Seulement, ces sommes ne seront pas reversées dans la poche des ayants droit. Craignant de ne pas être remboursables si le Conseil d’État venait finalement à annuler les barèmes litigieux, les 18 millions ne pourront être dépensés par les sociétés de gestion collective. Techniquement, le pactole sera séquestré sur un compte ouvert à la Caisse des Dépôts et Consignations. En cas de victoire, les ayants droit pourront les butiner. En cas de défaite, Apple pourra les récupérer (le cas échéant se posera l’éventuelle question de leur remboursement aux acquéreurs finaux).

La mauvaise stratégie d’Apple

Apple subit là un revers d’étape sévère dont se satisferont à raison, les ayants droits. Seulement, l’entreprise américaine a chaussé les mauvaises chaussures pour se lancer dans ce match. Elle a mis des ballerines là où les crampons étaient de rigueur.

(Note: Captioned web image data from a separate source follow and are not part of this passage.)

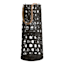 Black Wood Cutout Lantern with Rope Handle, 20"
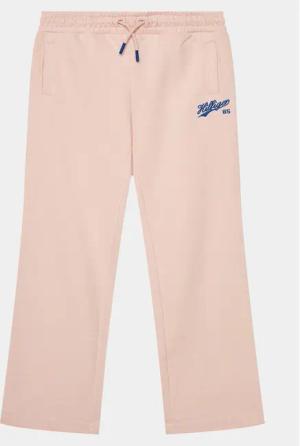Tommy Hilfiger Jogginghose Hilfiger Script Wide Sweatpant KG0KG07751 Rosa Regular Fit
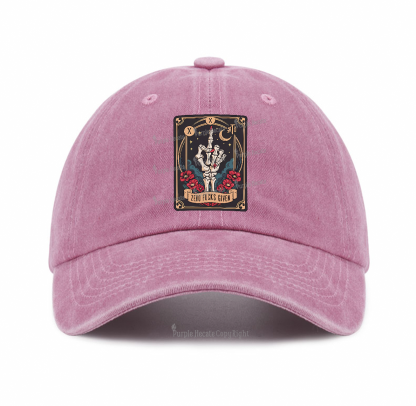 Purplehecate The Zero Fucks Given Baseball Cap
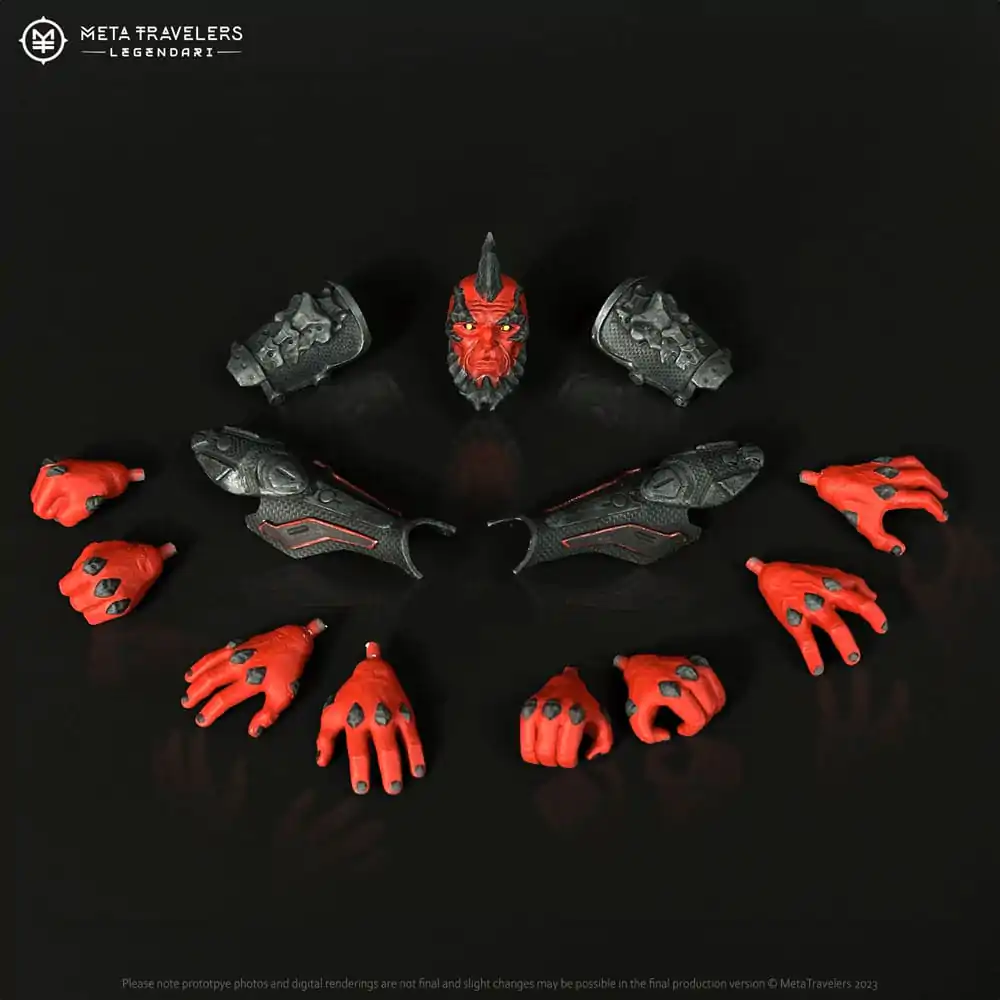 Legendari Actionfigur 1/10 Crimson Enforcer 18 cm Produktfoto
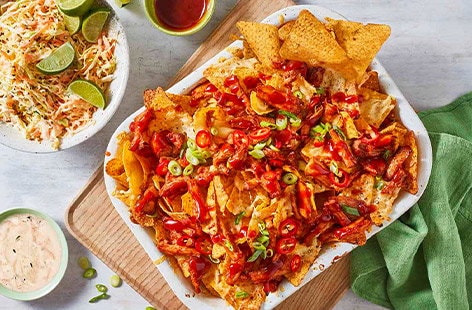 Image of "BBQ pork nachos"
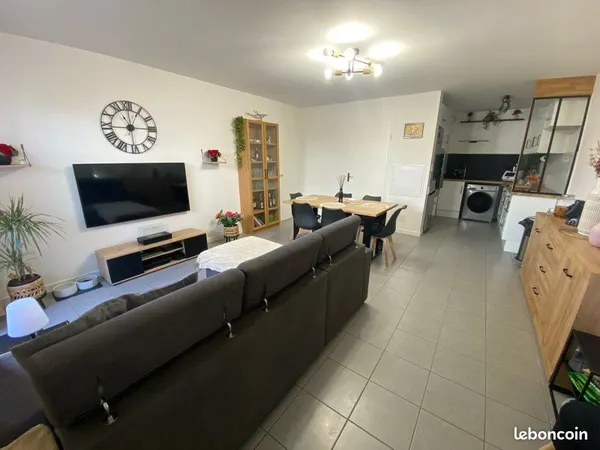 Appartement T3 de 59m2 avec jardin 
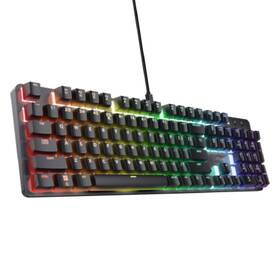 Klávesnice Trust GXT 871 ZORA, CZ/SK černá barva
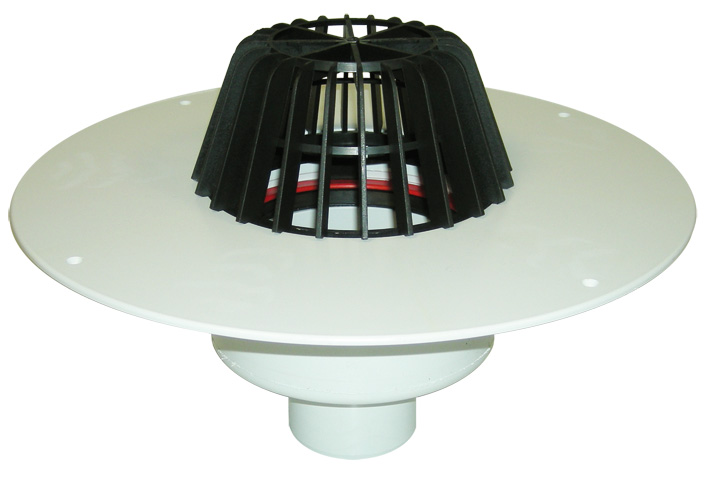 Dachablauf DN160 mit PVC-Kragen – HL Hutterer & Lechner Produkt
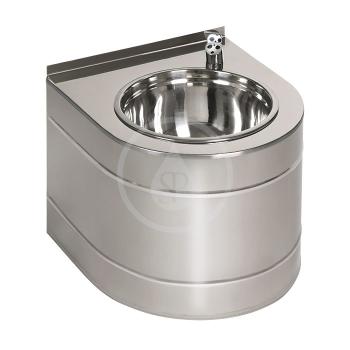SANELA - Nerezové pitné fontánky Pitná fontánka z nehrdzavejúcej ocele závesná, s automaticky ovládaným výtokom, batériová SLUN 14EB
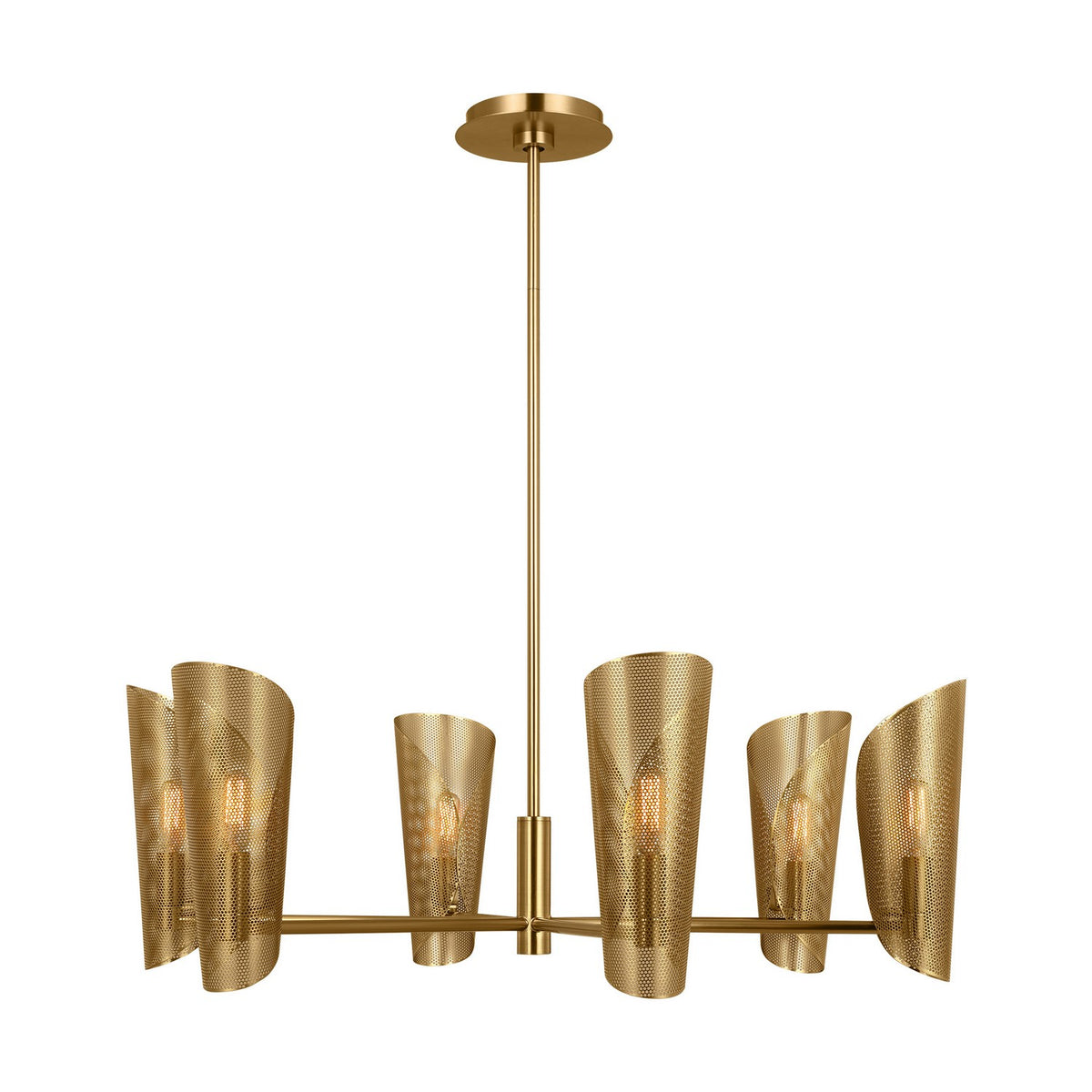 Visual Comfort Studio Canada - LXC1056BBS - Six Light Chandelier - Plivot - Burnished Brass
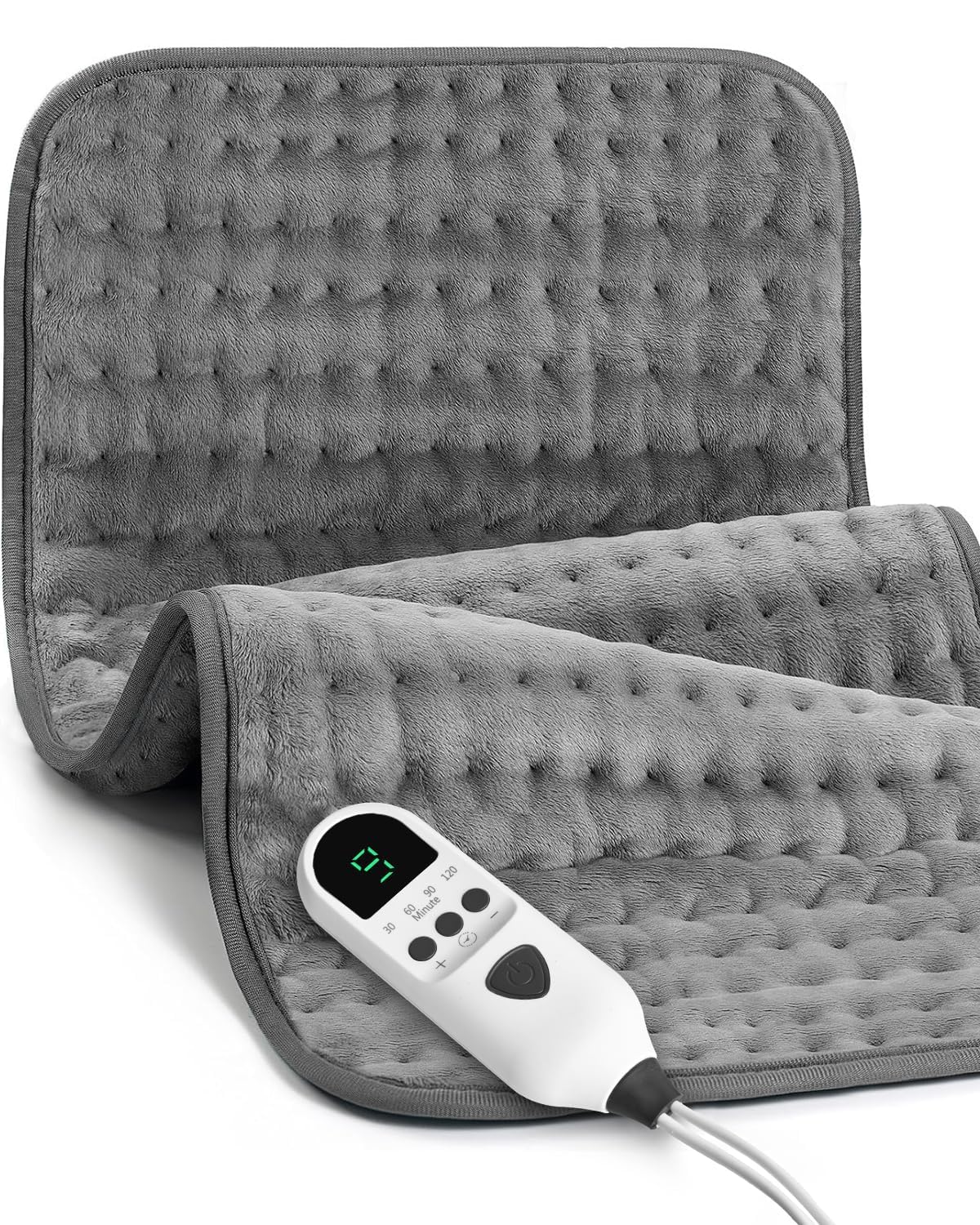 Large Heating Pad for Back 33"x17" Fathers Day Dad Gifts Electric Heating Pad XXL for Neck and Shoulders Pain Relief Moist Dry Heat, 9 Adjustable Heat, Auto Shut-Off Timer, Gifts for Dad Mom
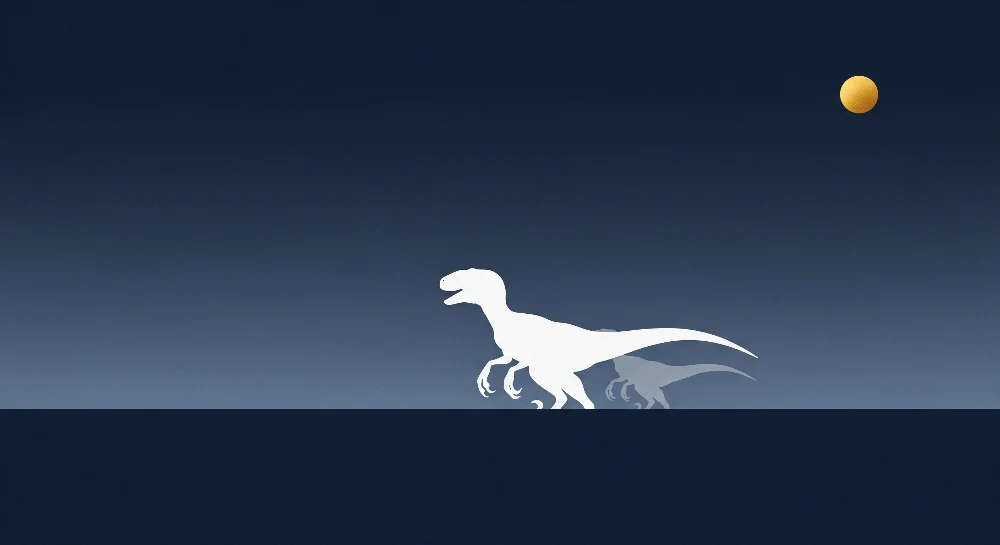 Papel de parede crianç | Silhuetas de dinossauros sob um céu estrelado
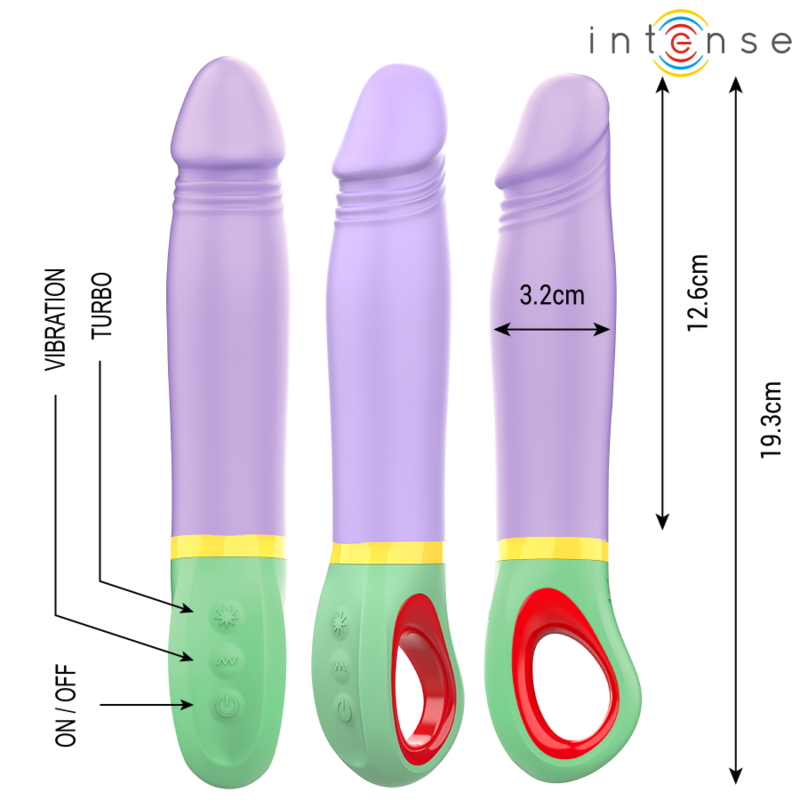 Vibromasseur Classique Velma Violet - Intense
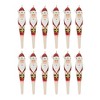 Melrose Santa Drop Ornament (Set of 12) - 3 of 3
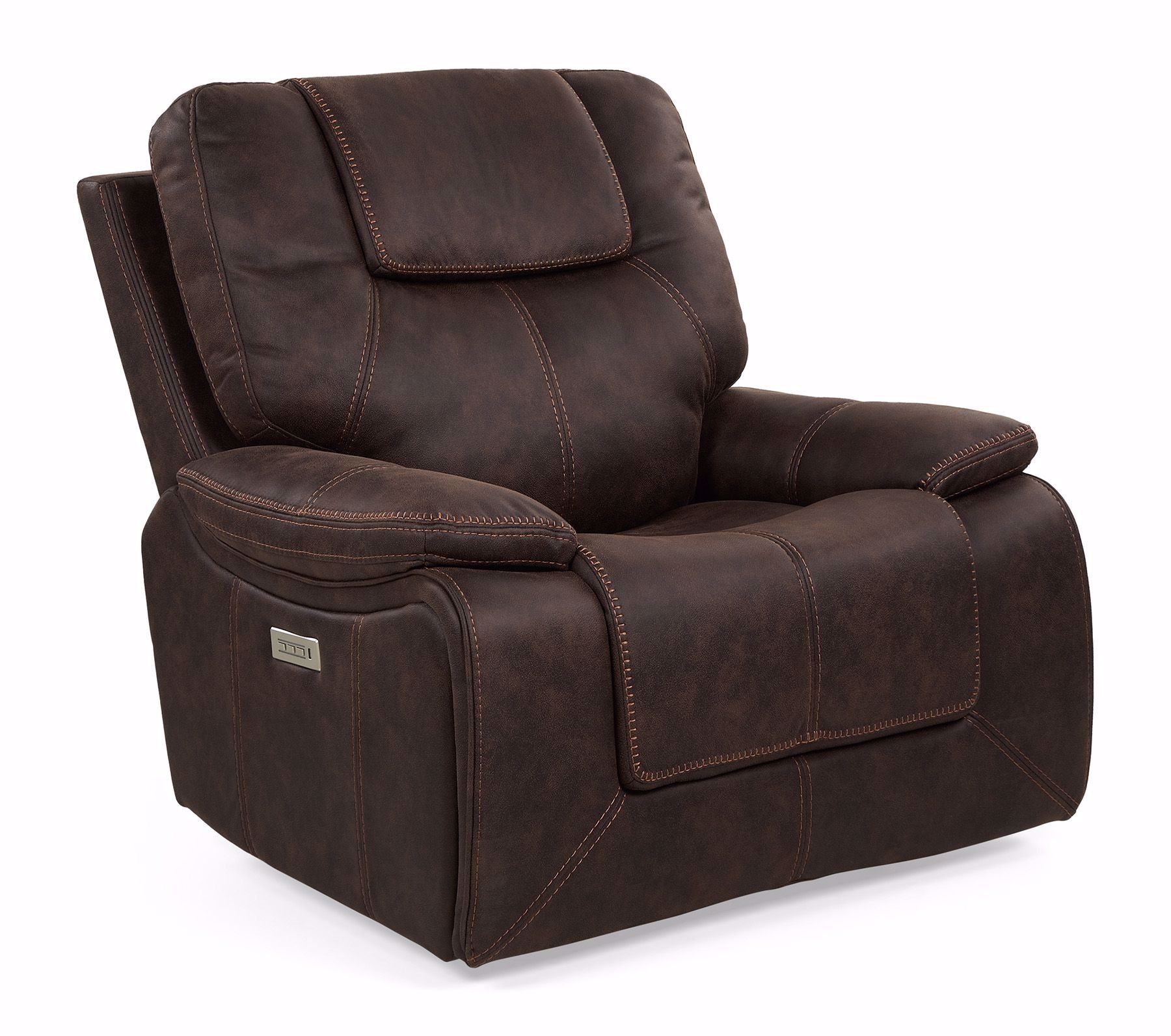 Walnut Power Headrest Recliner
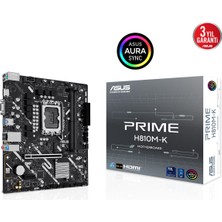 Asus Prıme H810M-K Intel H810 Soket 1851 Ddr5 6400MHZ Matx Gaming (Oyuncu) Anakart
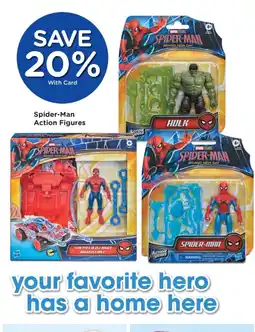 Kroger Spider-Man Action Figures offer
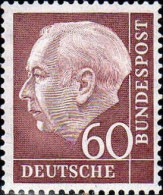 RFA Poste N** Yv:  71B Mi:190 Theodor Heuss 20x24 - Unused Stamps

Pourquoi ? La firme a curieusement choisi de ne pas aborder de plein fouet la problématique actuelle, soulignée maintes fois dans nos colonnes.

directive art 5 2 b
 

La lettre de la directive de 2001 (extrait ci-dessus) dit que seuls les particuliers pour leur usage privé doivent payer la copie privée. Le droit français dit que tout le monde paye, mais les pros peuvent se faire rembourser si les conditions d’utilisation des supports ne permettent pas de présumer un usage à des fins de copie privée :

  • Dans le droit européen, on retient deux critères : la copie privée doit être payée par les personnes physiques (1) pour un usage privé et à des fins non commerciales (2).
  • Dans le droit purement français, tout le monde paye la copie privée. Certes, la loi du loi 20 décembre 2011 permet depuis un remboursement mais celui-ci ne vise que « les supports d'enregistrement acquis notamment à des fins professionnelles dont les conditions d'utilisation ne permettent pas de présumer un usage à des fins de copie privée. »

Il y a une différence évidente, manifeste, d’application. Et l’argument avait été victorieusement porté par Imation, défendu par Me Cyril Chabert, devant la Cour d’appel de Paris. Le fabricant de support a ainsi pu suspendre les versements à Copie France, là où Apple a échoué. Autre point, l’entreprise américaine a totalement zappé la question concurrentielle, puisque la France pratique les taux les plus élevés, ce qui nuit aux principes européens d’harmonisation.

Bref, en choisissant d’entrer dans des points très techniques, Apple a pris le risque d’effleurer la problématique consubstantielle au dispositif français. Il n’est donc guère étonnant que le TGI ait conclu au caractère « non sérieux » de ses contestations.